Fuori, il sole scaldava la pelle.. La mattina presto si sentiva il canto degli uccellini, di tanti tipi, che cantavano felici: era primavera, e la sveglia erano loro, quei canti gioiosi.
Non si sapeva mai che ora fosse, ma nonna si regolava benissimo, secondo me sapeva l’ora più di un orologio.
La parte bella era l’ora di pranzo: si sentivano i profumi dalla cucina. Nonna buttava frasche sul fuoco per far bollire l’acqua. Lei andava avanti e indietro tra la cucina e la veranda fatta con foglie del uva dove si stava freschi, con qualche raggio di sole che passava tra una foglia e l’altra, creando sprazzi di luce come piccoli gioielli.
Mangiavamo una di fronte all’altra: nonna mi cucinava cose che mi piacevano, e forse piacevano anche a lei. Belle zuppe di pasta e ceci, che a me sono sempre piaciute tanto.
Metteva sempre a tavola cose semplici ma buone.
Il pomeriggio, io giocavo ,mentre nonna non stava mai ferma: aveva tante cose da fare e non aveva tempo di fermarsi. Sistemava ogni cosa fuori, lavava i piatti, spazzava… insomma, si viveva più all’aperto.
La sera si andava a letto, e dalla finestrella piccola della camera da letto si sentiva il canto di altri uccelli: il cuculo e tanti altri uccelli, e poi la civetta.

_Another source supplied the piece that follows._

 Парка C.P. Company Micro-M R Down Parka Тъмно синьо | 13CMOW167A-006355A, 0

Nonna si arrabbiava quando la sentiva cantare, diceva che portava sfortuna. Io chiedevo che animali erano a fare quel concertino, e il nome “civetta” mi allarmava da ragazzina.

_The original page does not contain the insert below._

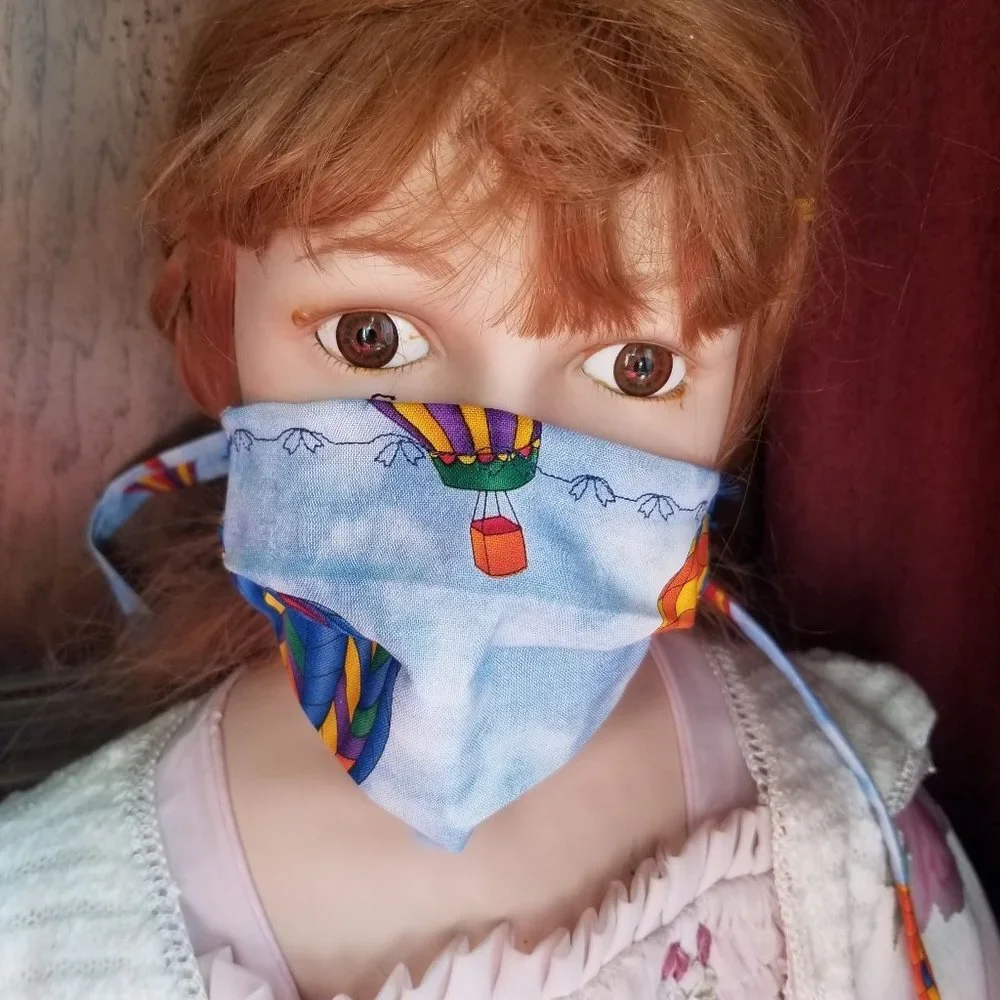 Kid Size Mask w/ Copper/Silver Filters-balloons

Nonna diceva: “È stasera c’è anche la civetta”, come per dire che ci mancava anche quella.
Io chiedevo: “Nonna, la civetta cosa fa?”
Lei rispondeva: “Niente, e poi senti come è lontana.”
Attraverso i vetri della finestra si vedevano gli alberi muoversi, e con quel concerto di tanti animali notturni, il frinire dei grilli, mi addormentavo sentendomi protetta dalla mia nonna, donna dolce e tanto forte, che emanava sicurezza.
I grilli, infiniti, intonavano la loro ninna nanna, un canto dolce e incessante che avvolgeva la notte come un caldo abbraccio della natura.